Dicen que Pixar es una fábrica de obras maestras, o el último reducto de gran cine americano. Yo no diría tanto. Simplemente los chicos de Pixar no hacen más (ni menos, también es cierto) que lo que los grandes estudios de la época dorada de Hollywood lograron durante varias décadas: construir historias perfectas, en las que nada faltara y nada sobrara, en las que el director, asumiendo su rol de director de orquesta, se encargaba de que todo funcionara sin el menor resquicio de duda, puliendo cada una de las piezas con ternura y cariño, olvidándose de lo vanguardista o subversivo del arte, pero acordándose siempre de que el espectador lo pasara en grande. Es decir, la Pixar es heredera, continuadora, de ese estilo de cine narrativo y comercial.

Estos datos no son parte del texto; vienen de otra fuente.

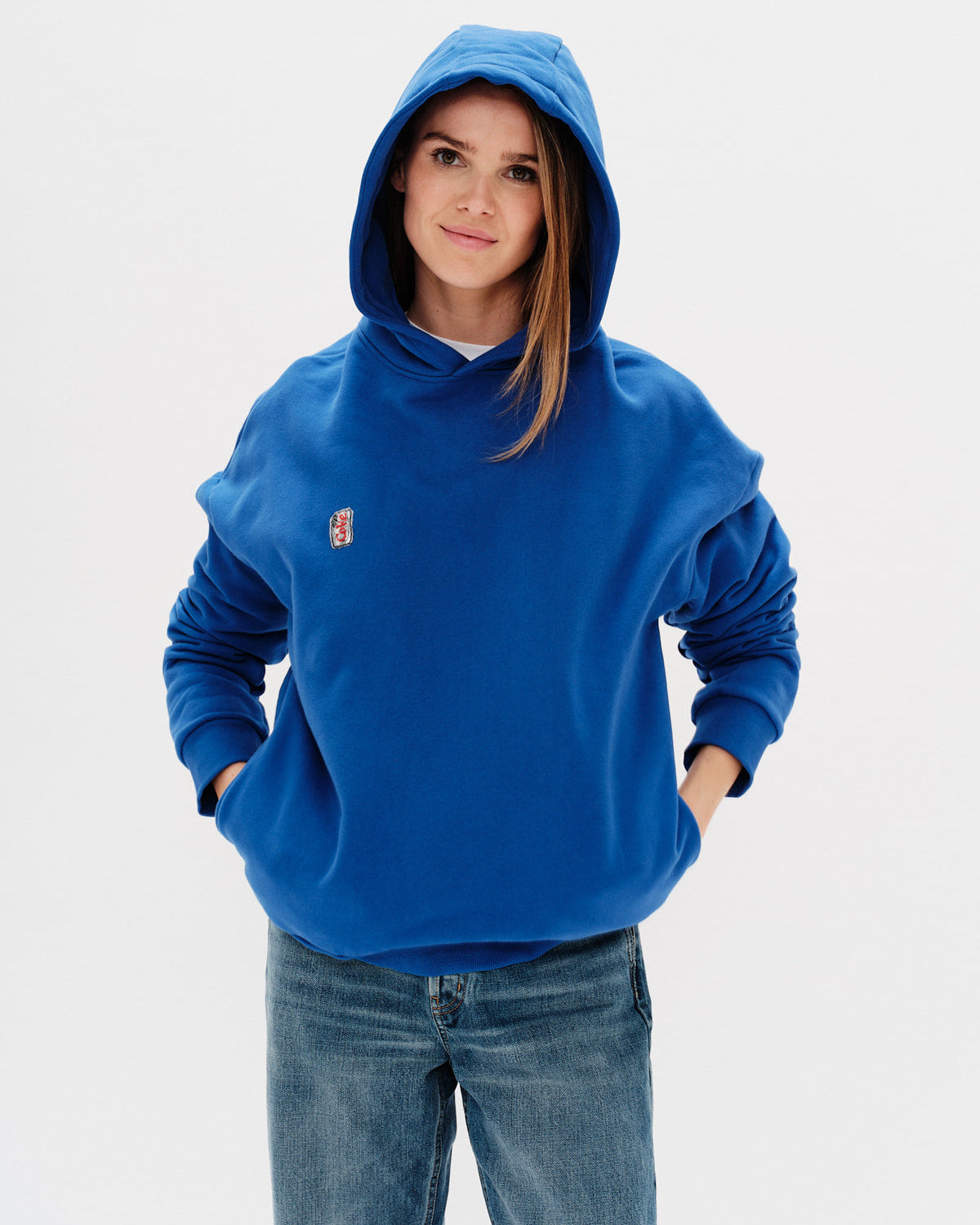 Person wearing a blue hoodie with a small diet coke embroidery on a light gray background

Quizá los únicos. Y por eso los que han crecido con ese tipo de cine les adoran. Se lo han ganado a pulso: currándose cda película como si fuera la última, trabajando los guiones y los caracteres al máximo, no durmiéndose jamás en los laureles del éxito, llevando cada vez más allá sus formas y su estilo.

Lo mejor, lo peor, imagen favorita

Lo peor es que se acaba y tenemos que volver a sufrir comedias mediocres. Lo mejor, para mí, cualquier escena en la que Remy le ordena a su marioneta Linguini cómo moverse y qué elegir para cocinar. Mi imagen favorita es esa ratita minúscula recibiendo en soledad al crítico gastronómico en su cocina.